Open the exercises/2-foundations-of-rust/4-traits-and-generics/1-local-storage-vec crate. It contains a src/lib.rs file, meaning this crate is a library. lib.rs contains a number of tests, which can be run by calling cargo test. Don't worry if they don't pass or even compile right now: it's your job to fix that in this exercise. Most of the tests are commented out right now, to enable a step-by-step approach. Before you begin, have a look at the code and the comments in there, they contain various helpful clues.

2.4.1.A Defining the type ⭐

Currently, the LocalStorageVec enum is incomplete. Give it two variants: Stack and Heap. Stack contains two named fields, buf and len. buf will be the array with a capacity to hold N items of type T; len is a field of type usize that will denote the amount of items actually stored. The Heap variant has an unnamed field containing a Vec<T>. If you've defined the LocalStorageVec variants correctly, running cargo test should output something like

running 1 test
test test::it_compiles ... ignored, This test is just to validate the definition of `LocalStorageVec`. If it compiles, all is OK

test result: ok. 0 passed; 0 failed; 1 ignored; 0 measured; 0 filtered out; finished in 0.00s

This test does (and should) not run, but is just there for checking your variant definition.

Hint 1 You may be able to reverse-engineer the `LocalStorageVec` definition using the code of the `it_compiles` test case.

Hint 2 (If you got stuck, but try to resist me for a while)

Below definition works.
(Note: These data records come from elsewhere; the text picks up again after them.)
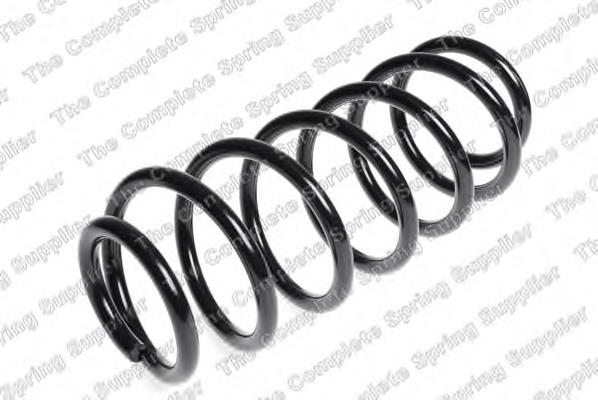 Mola dianteira Kayaba RH2875 preço, a partir de 55,08 USD
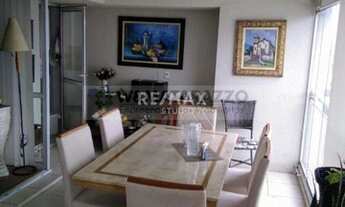 Imagem 3: Condomínio Novamerica - Apto Perfeito - Lazer Pleno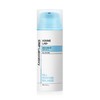 CNP Homme Lab+ All In One Aqua Core-Up 125ml -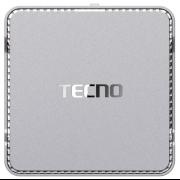 mini-pk-tecno-ma-01-71005000278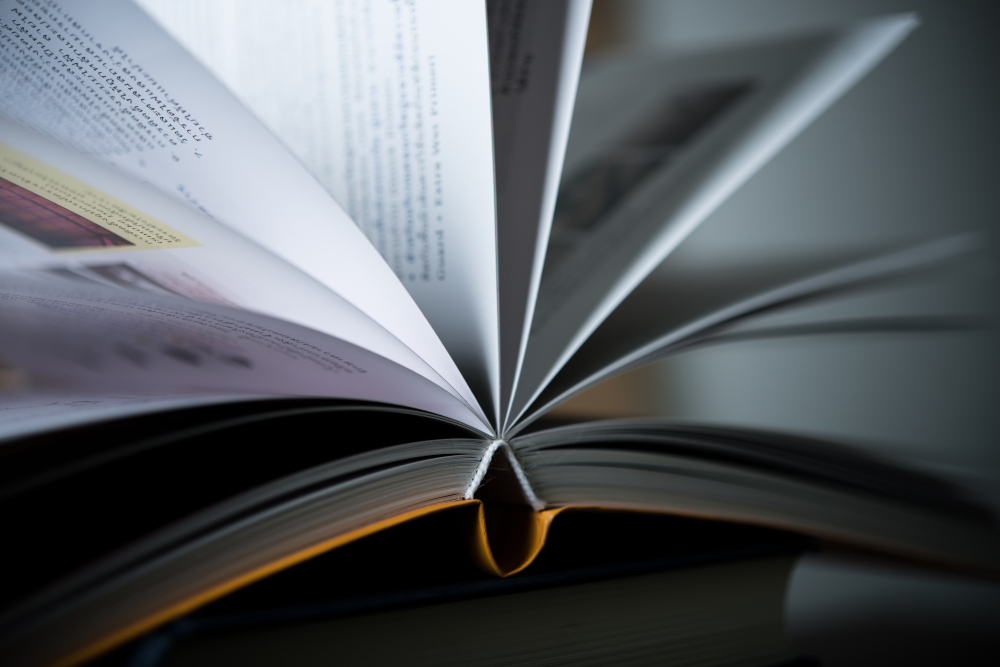 Tax Administration Act, TRA Act and Local Government Finance Act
Read the code comments and make sure you understand what's going on.

#![allow(unused)]
fn main() {
// Define an enum `LocalStorageVec` that is generic over
// type `T` and a constant `N` of type `usize`
pub enum LocalStorageVec<T, const N: usize> {
    // Define a struct-like variant called `Stack` containing two named fields:
    // - `buf` is an array with elements of `T` of size `N`
    // - `len` is a field of type `usize`
    Stack { buf: [T; N], len: usize },
    // Define a tuple-like variant called `Heap`, containing a single field
    // of type `Vec<T>`, which is a heap-based growable, contiguous list of `T`
    Heap(Vec<T>),
}
}

2.4.1.B impl-ing From<Vec<T>>

Uncomment the test it_from_vecs, and add an implementation for From<Vec<T>> to LocalStorageVec<T>. To do so, copy the following code in your lib.rs file and replace the todo! macro invocation with your code that creates a heap-based LocalStorageVec containing the passed Vec<T>.

#![allow(unused)]
fn main() {
impl<T, const N: usize> From<Vec<T>> for LocalStorageVec<T, N> {
    fn from(v: Vec<T>) -> Self {
        todo!("Implement me");
    }
}
}

Question

  1. How would you pronounce the first line of the code you just copied in English?*

Run cargo test to validate your implementation.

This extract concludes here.